Еще со времен венгерского короля «великого» Андраша мадьярскую политику характеризовало непреложное убеждение в том, что любое преобразование Австрии в федерацию само по себе приведет к возврату Венгрии к личной унии. На этой почве даже тогда очень быстро объединились все партии венгерского парламента. И это относилось в первую очередь к недавнему красноречивому стороннику «партии 67» Тисе, трубившему на весь мир о данной унии. За ним по пятам следовал Векерле. В общем, все, что в те дни происходило в Венгрии, иначе как к последствиям военного психоза я отнести не мог.

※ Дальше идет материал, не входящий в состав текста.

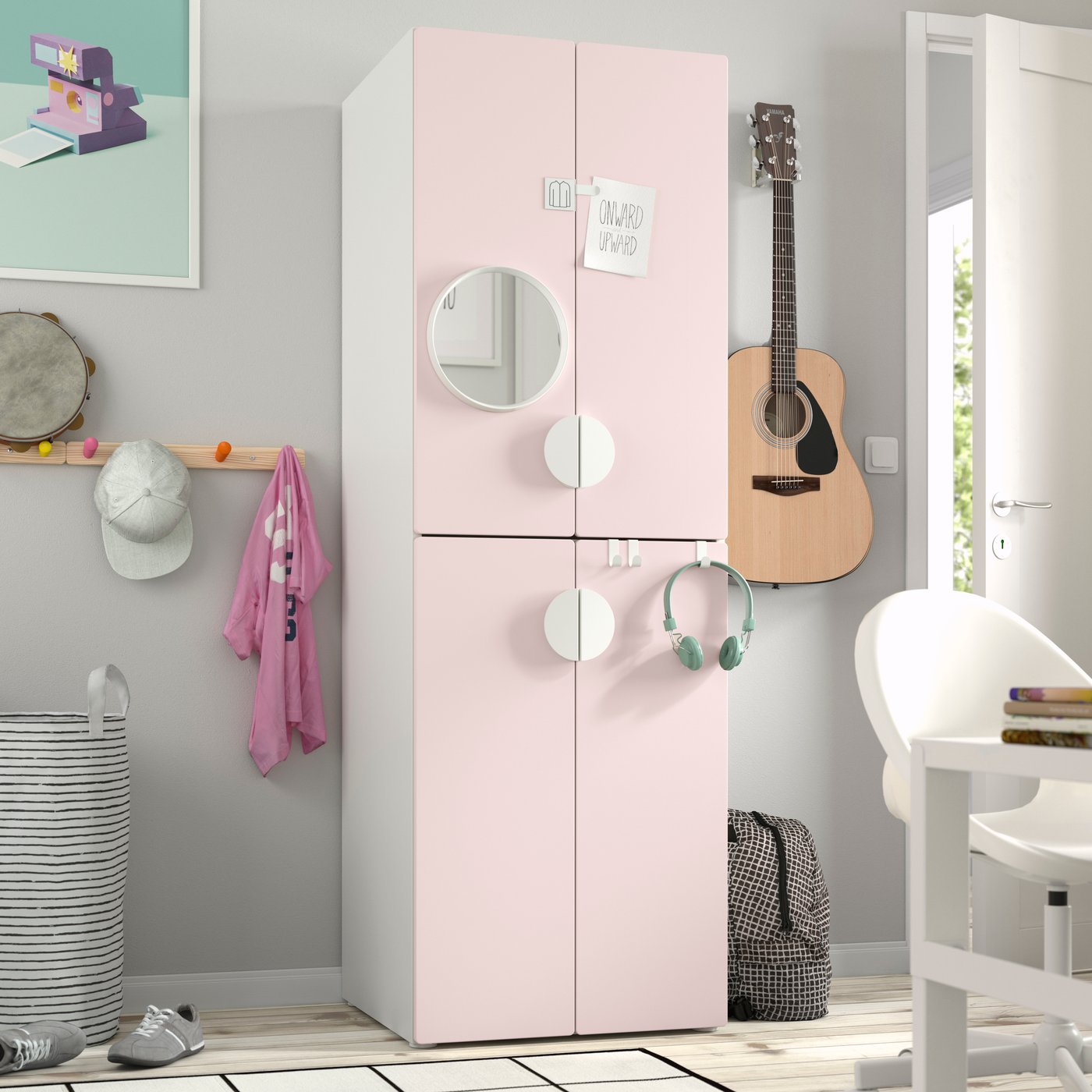A white pale pink/with 2 clothes rails PLATSA wardrobe in the childrens room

Когда Венгрия начала отделяться от Австрии и обретать свою независимость, все мадьяры, от премьер-министра до самого простого крестьянина, стали вести себя настолько нелепо, как будто они вернулись во времена старого Венгерского королевства и с ним ничего не случилось. Создавалось впечатление, что венгры возомнили, что армии противника будут как привязанные стоять только за красно-бело-зелеными пограничными столбами, а государственные деятели противника ничего не смогут предпринять против «тысячелетнего рейха» короны Святого Стефана. Мадьярами не воспринималась даже предложенная Вильсоном национальная автономия, поскольку она якобы противоречила «государственно-правовым» основам венгерской нации.
В середине октября Векерле по-прежнему рассматривал южнославянский вопрос в том смысле, что Далмацию можно «воссоединить» с неотделимой частью Венгрии Хорватией, а Боснию присоединить к Хорватии или непосредственно к Венгрии[107]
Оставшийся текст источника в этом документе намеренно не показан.